So where does the thick skin to counter naysayers come from? Apparently it’s all in Deleuze’s interpretation of Nietzche, and how he had to transcend the morel ‘givens’ of his time, to turn reactive forces into affirmatory ones. ‘Nietzsche used rigorous logical thinking to liberate the mind unfettered by moral outcomes. He went beyond what people considered reasonable in order to create new values.’ This it seems, is where he posits his own thinking in terms of his practice. ‘It’s what architecture should be about – not to be limited or inhibited by established typologies.’ And the forms are but the start. Ingels paraphrases ‘Vers Une Architecture’ saying Corb wanted to create new typologies that lend themselves to the forces of competition and industrialisation and so become more refined. I take it he’s referring to his own output when he appends it with ‘that’s why the first versions are always more raw’.

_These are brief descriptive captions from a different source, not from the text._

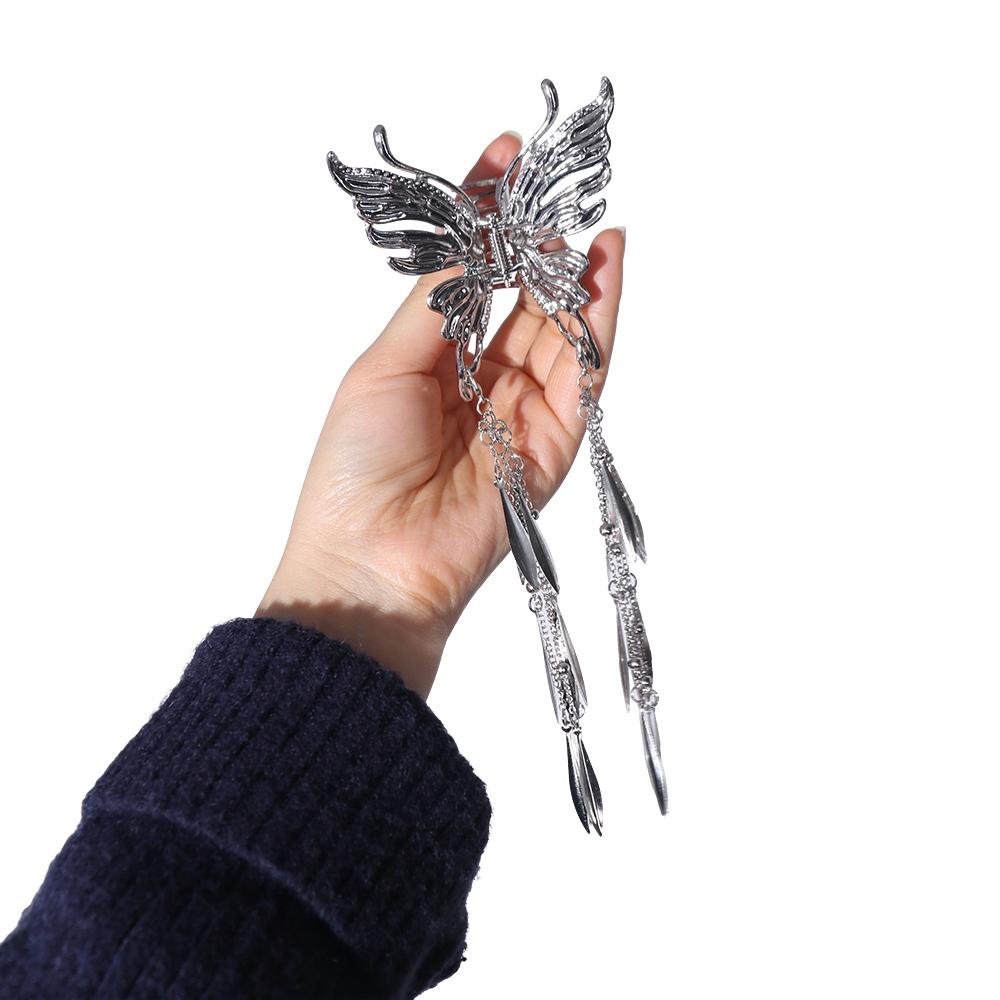 Silver Color Butterfly Tassel Hair Claw Leaf Chinese Butterfly Hairpins Metal Shark Clip  Party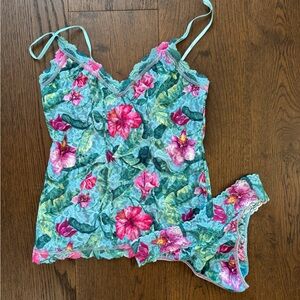 Hanky Panky Floral Chemise Set - Blue and Pink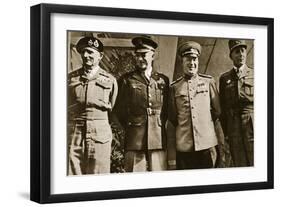 Field Marshal Montgomery, General Eisenhower, Marshal Zhukov, and General De Lattre De Tassigny-null-Framed Giclee Print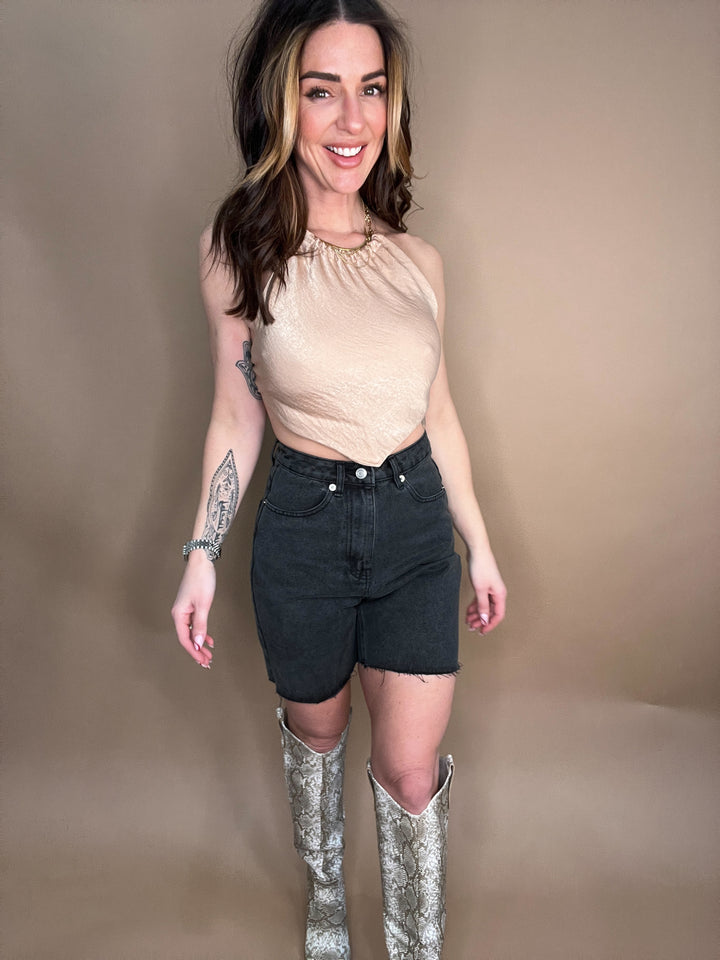 On The Coast Black Wash Denim Shorts
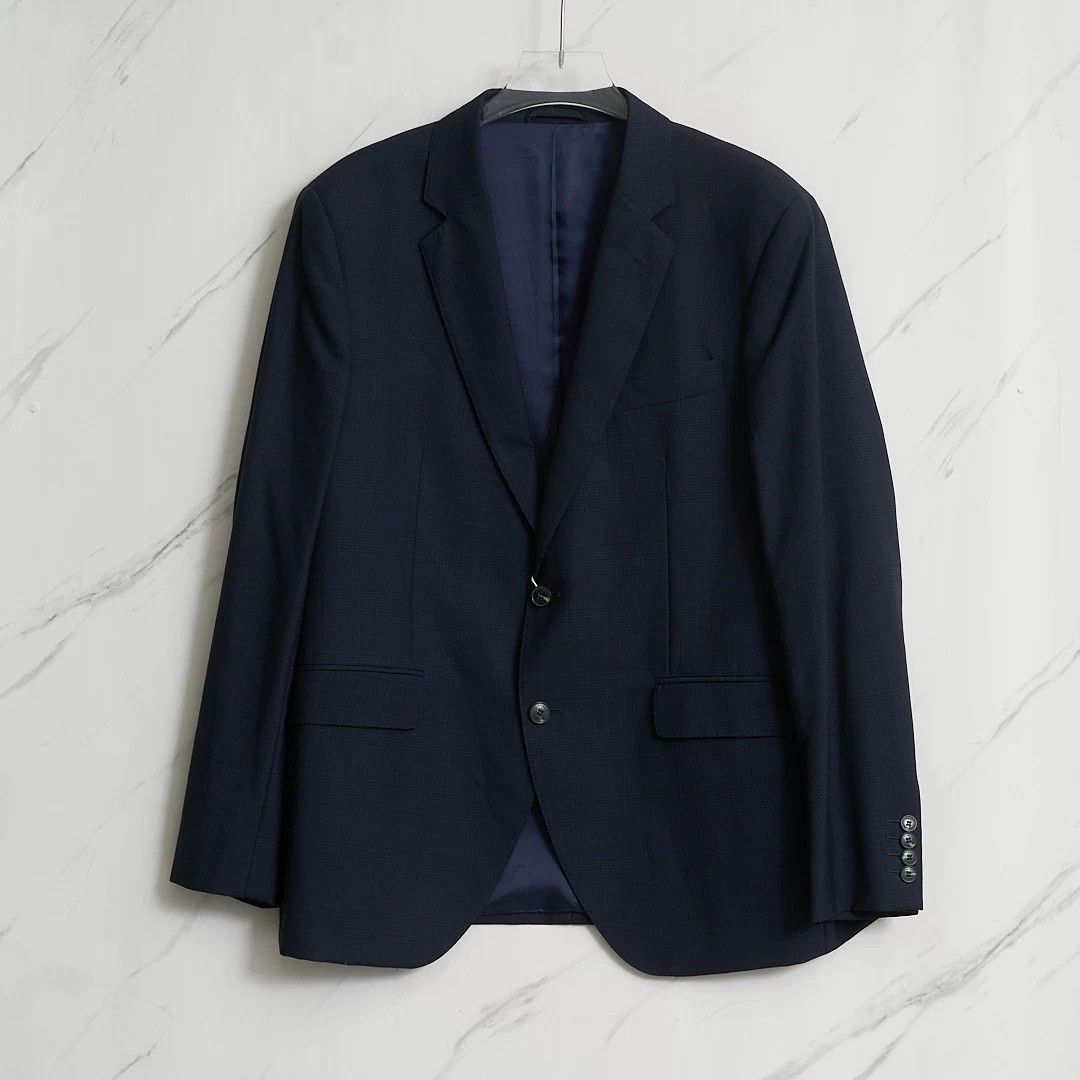 Hackett ett Men's Navy Dark Check Suit Size US M / EU 48-50 / 2 - 2 Thumbnail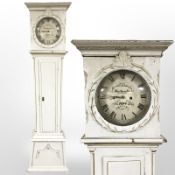 A Scandinavian 19th century painted and gilt long case clock,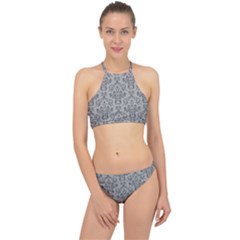 Victorian Paisley Grey Racer Front Bikini Set by snowwhitegirl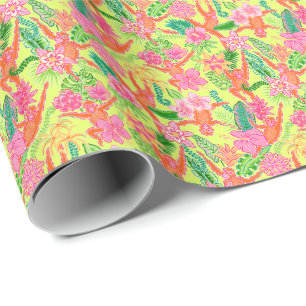 Preppy Palm Beach Print Niedlich Orangutans Geschenkpapier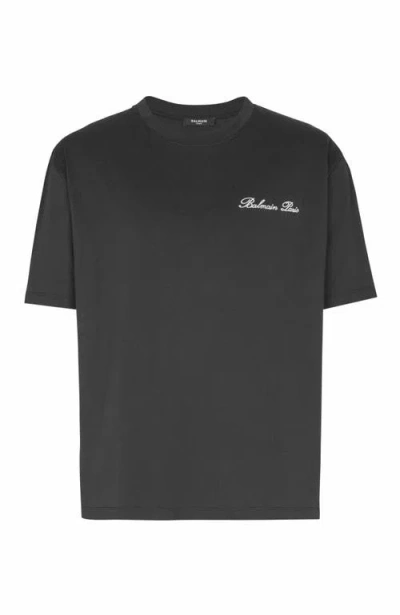 Balmain Black Cotton T-shirt In Black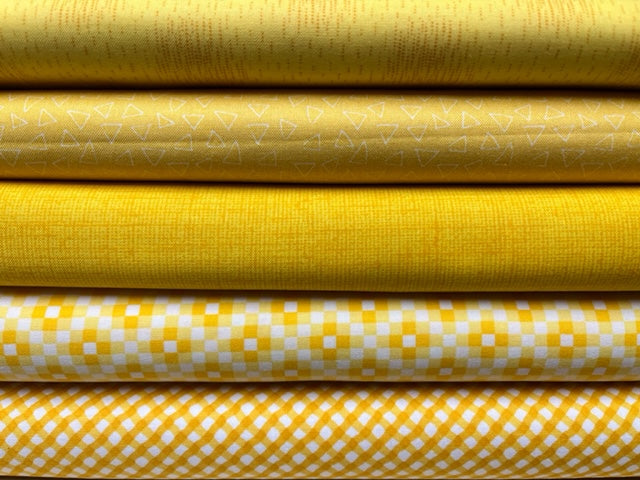 5 piece HALF METER Bundle, Yellow Fabrics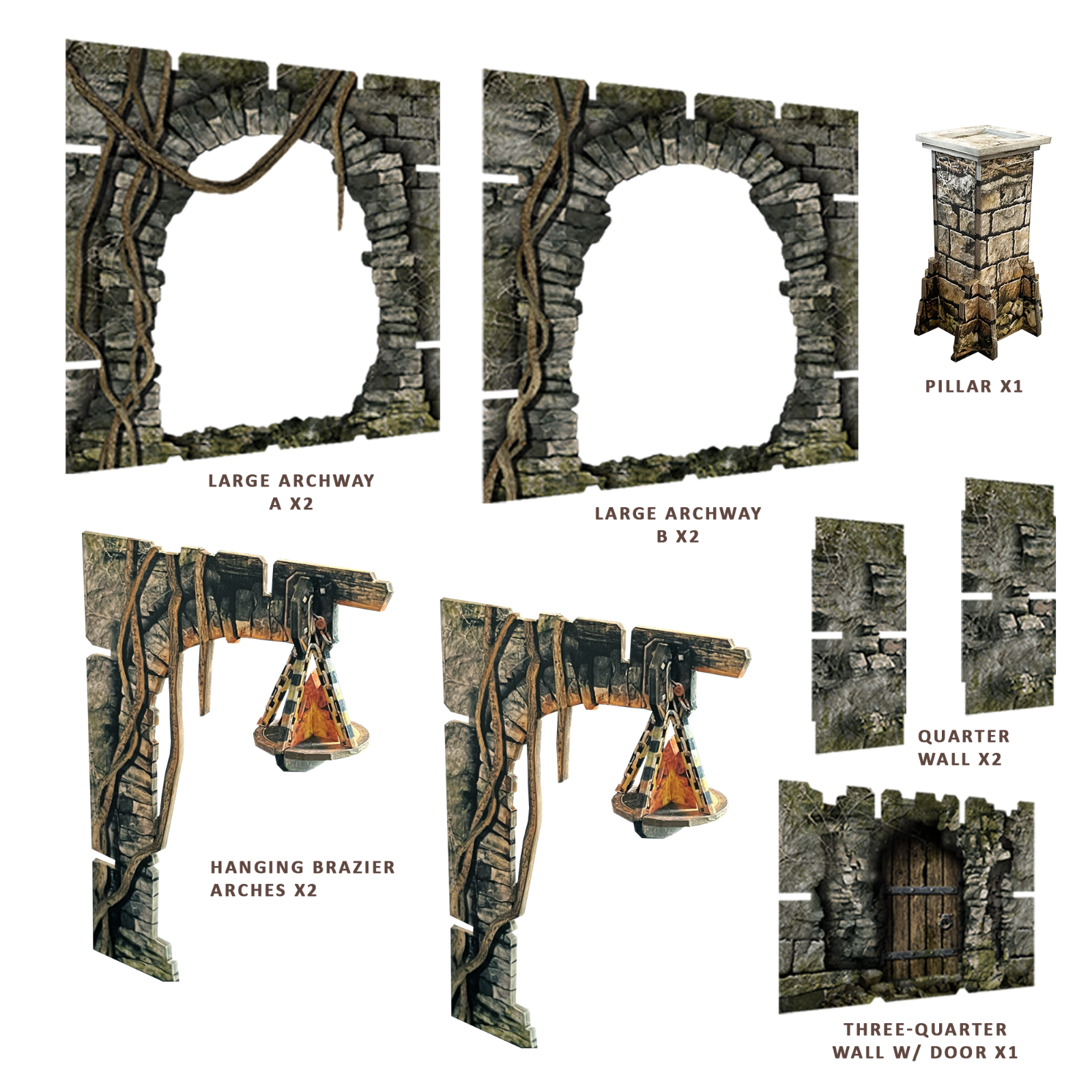 Dungeon Archways (28-35mm, Modular, 9 pieces) Battle Systems Terrain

As for Ingels – he’s not leaving NYC any time soon. The US seems receptive to his ‘raw’ ideas and the $1 billion DryLine project – flood resilience for 10 miles of Manhattan shoreline post Hurricane Sandy, where his firm’s role intercedes between massive civil engineering requirements and the needs of local communities – is ongoing. And he seems very happy. He’s in love with a Spanish girl he met on a flight to Burning Man festival and is tanned from a weird retreat in Sri Lanka where he was on ‘an absurd rice and veggie diet’ – but still orders mint tea instead of the expected caffeine at the meal’s end. He’s been chilled and charming throughout; the very opposite of the nihilistic tendencies of the misunderstood Nietzsche, whom Ingels seems to live and breathe. ‘He said “freedom, yes,” but moved the idea on by adding “freedom to do what?”.’ From where I’m sitting and with a mindset like his, I’d have to say pretty much anything.